If we were looking at continuous data, I would use a Welch's T-test to ascertain the most significant differences, but for this initial analysis I'll focus on the contextual significance. Thanks very much for the help!
 

Miner

TS Contributor
#4
Are you certain that you have the entire population? Do you ever intend to generalize your findings for another group?

One could collect data for 100% of the people in a specific classroom and say they have the entire population. This is true for that classroom. However, if they ever want to make generalizations for more classrooms, then it is no longer a population, but a sample. Then the question becomes is that sample representative?
 

noetsi

Fortran must die
#5
Its dangerous to assume you have a population.

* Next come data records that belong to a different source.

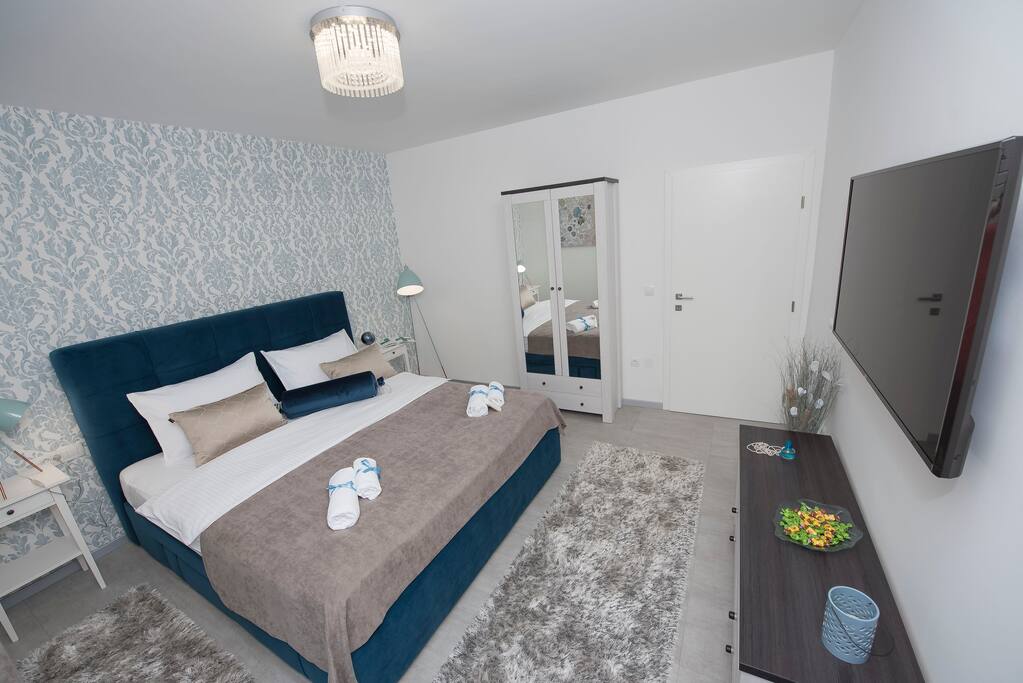 Room 1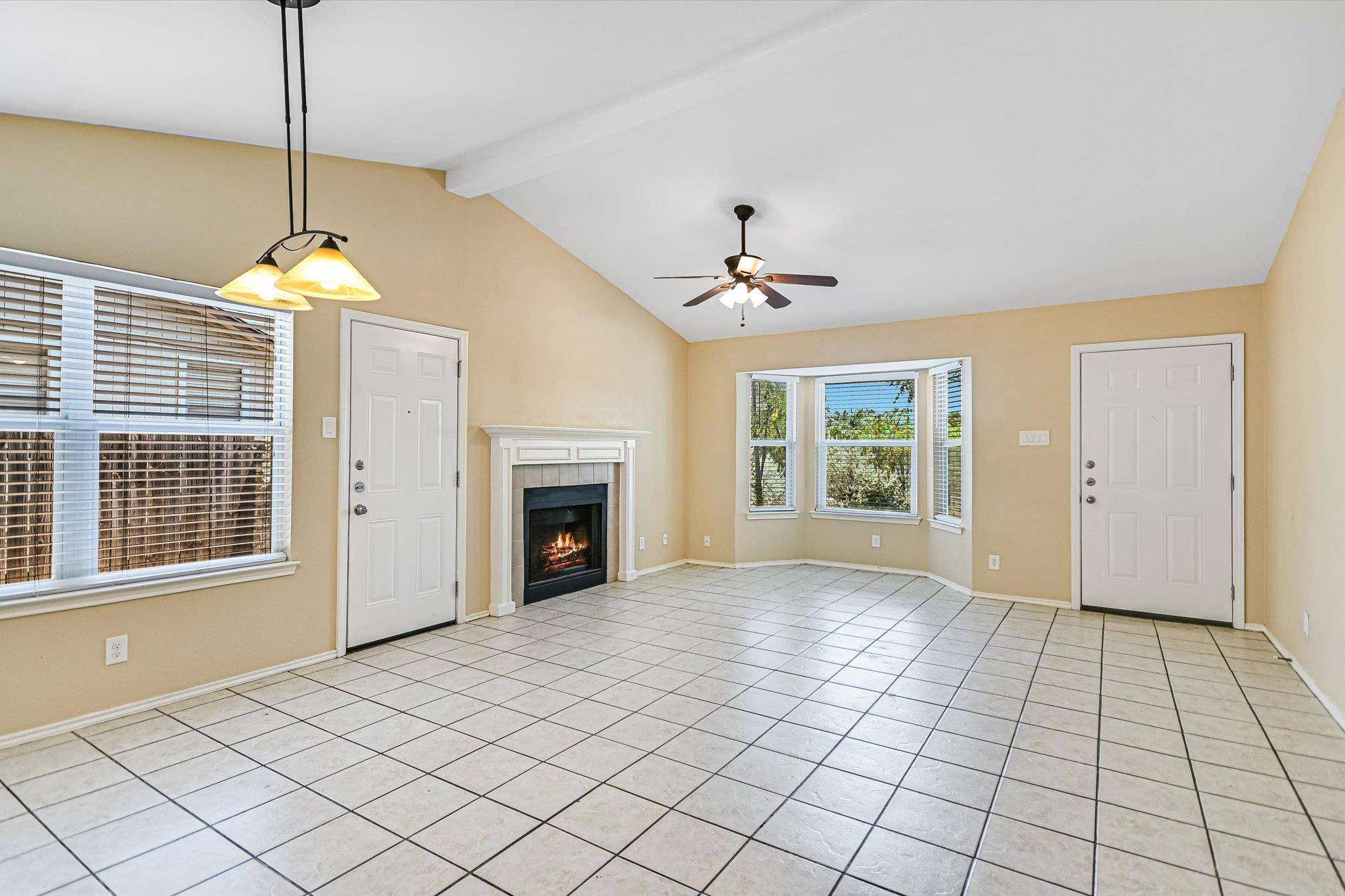 519 Cutty TRL #B, Lakeway, TX 78734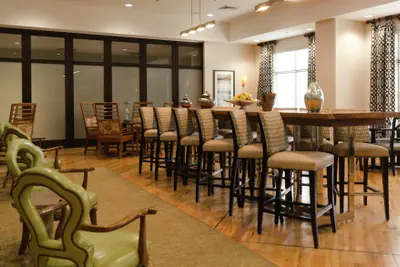 Photo 2 - Hampton Inn Hickory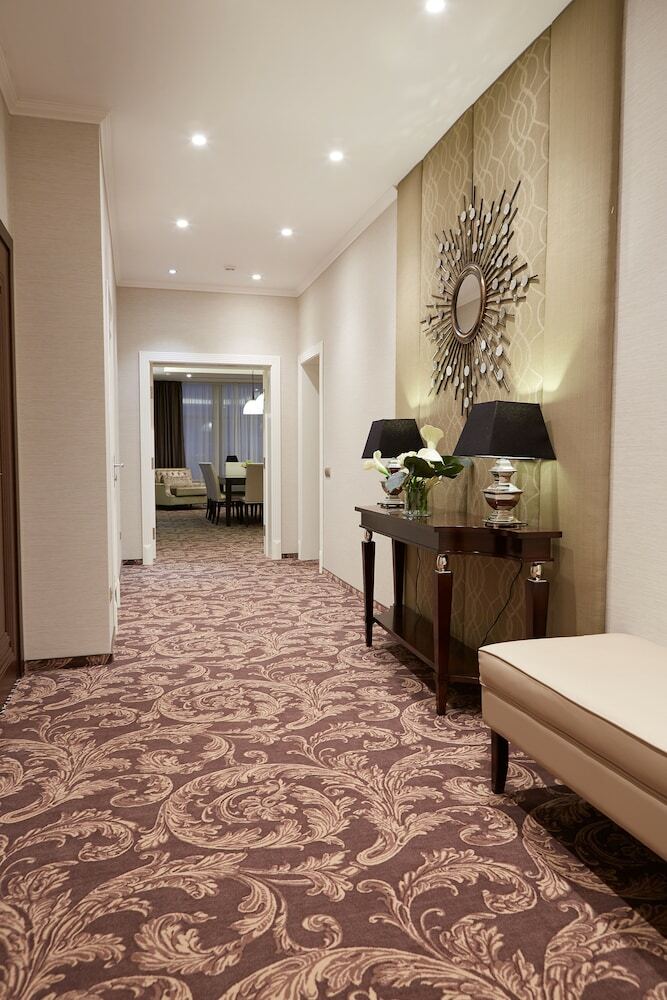 Sk Royal Hotel Tula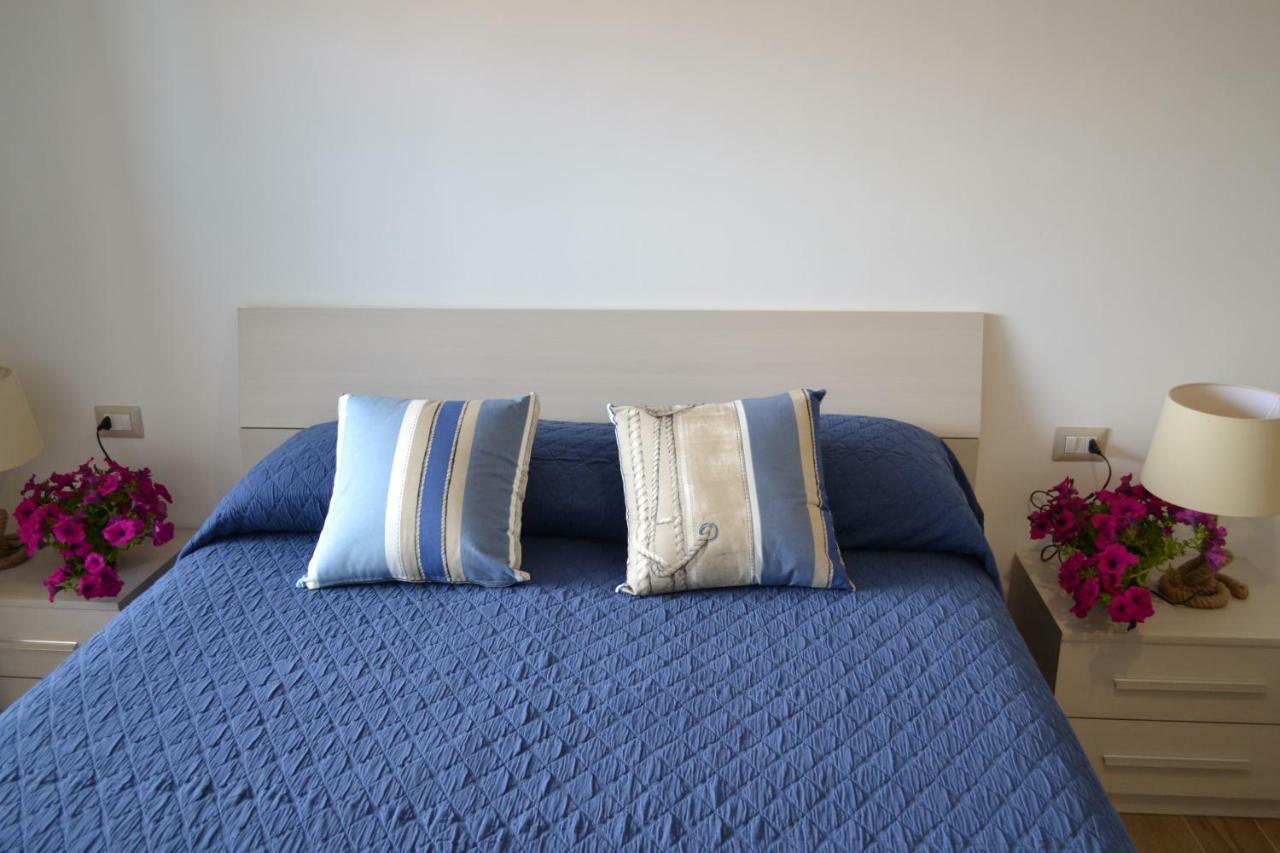 B&B Lineablu Formia Exteriör bild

For example we have the entire population of our customers. But we may want to generalize to a larger population of the state we do not serve. You have to think carefully about who you want to generalize to in making this type of decision.

If your DV has two levels than you want to do something like logistic regression. So the 300 is the key factor according to many - the least common. I would look at Agresti's suggestions on necessary sample size. Or authors like him remembering these are rules of thumb.

This is worth considering.

https://journals.sagepub.com/doi/full/10.1177/0962280218784726
 
#6
@noetsi and @Miner - thank you both for your replies and apologies for my late response! I see what you're saying regarding having an entire population, but there is no extrapolation or predictive element to this analysis; we are most concerned with the individuals in our "population," and reporting on their attributes - for example, we are interested in whether disabled students in our population dropped out, not whether disabled students in general are more likely to drop out. I hope this makes sense; I may be missing something here, and needing to rethink my entire strategy or philosophy behind what I'm doing.
 

noetsi

Fortran must die
#7
If you think that you have the population then you can ignore statistical tests. Whatever the effect size you find, that is the true effect size. So p values, sample size etc are entirely unimportant. I would not even report statistical tests in this case.
 
#8
All populations are of infinite size.
If I understand the study, you've got a set of binomial distributions.

"My main issue is there is a much small number of individuals with the characteristic than without in every case. For example, only 300 individuals have characteristic x, and 30,000 do not."
P characteristic = 300/30,000 = .01 = 1%. Now measure/count property / characteristic. If p/c = .3, the property is connected to the characteristic. Etc.